A Statistical Theory of Gated Attention through the Lens of Hierarchical Mixture of Experts
Viet Nguyen, Tuan Minh Pham, Thinh Cao, Tan Dinh, Huy Nguyen, Nhat Ho, Alessandro Rinaldo
TL;DR
This work develops a rigorous statistical theory for gated attention by mapping it to hierarchical mixtures of experts (HMoE). It shows that gated attention can be represented as a three-level HMoE with nonlinear or linear experts, enabling a clean analysis of learning as expert estimation. The authors prove that vanilla multi-head self-attention suffers exponential sample complexity for expert estimation, while gated attention with appropriately placed nonlinearities achieves polynomial rates, with concrete bounds of order $\mathcal{O}(\epsilon^{-4})$ in sample complexity. They validate the theory with numerical experiments, confirming faster convergence for gated attention compared to standard attention. Overall, the results provide a principled explanation for when and why gated attention improves performance, and offer practical guidance on where to place nonlinear gates in attention architectures.
Abstract
Self-attention has greatly contributed to the success of the widely used Transformer architecture by enabling learning from data with long-range dependencies. In an effort to improve performance, a gated attention model that leverages a gating mechanism within the multi-head self-attention has recently been proposed as a promising alternative. Gated attention has been empirically demonstrated to increase the expressiveness of low-rank mapping in standard attention and even to eliminate the attention sink phenomenon. Despite its efficacy, a clear theoretical understanding of gated attention's benefits remains lacking in the literature. To close this gap, we rigorously show that each entry in a gated attention matrix or a multi-head self-attention matrix can be written as a hierarchical mixture of experts.
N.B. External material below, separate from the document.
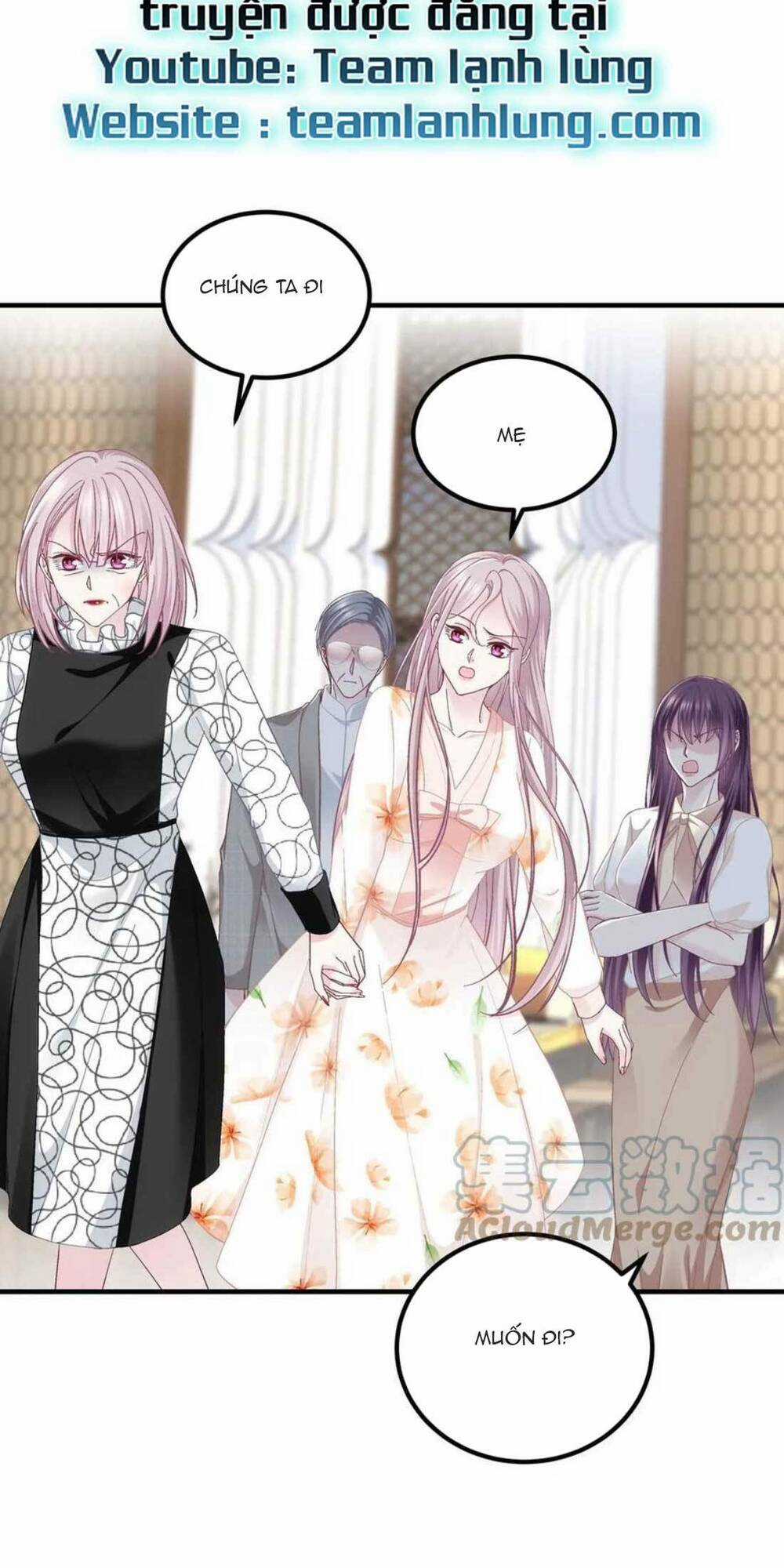 Bảo Bối Của Lão Đại Đã Xuyên Không Trở Về! Chapter 169 trang 22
By recasting learning as an expert estimation problem, we demonstrate that gated attention is more sample-efficient than multi-head self-attention. In particular, while the former needs only a polynomial number of data points to estimate an expert, the latter requires exponentially many data points to achieve the same estimation error. Furthermore, our analysis also provides a theoretical justification for why gated attention yields higher performance when a gate is placed at the output of the scaled dot product attention or the value map rather than at other positions in the multi-head self-attention architecture.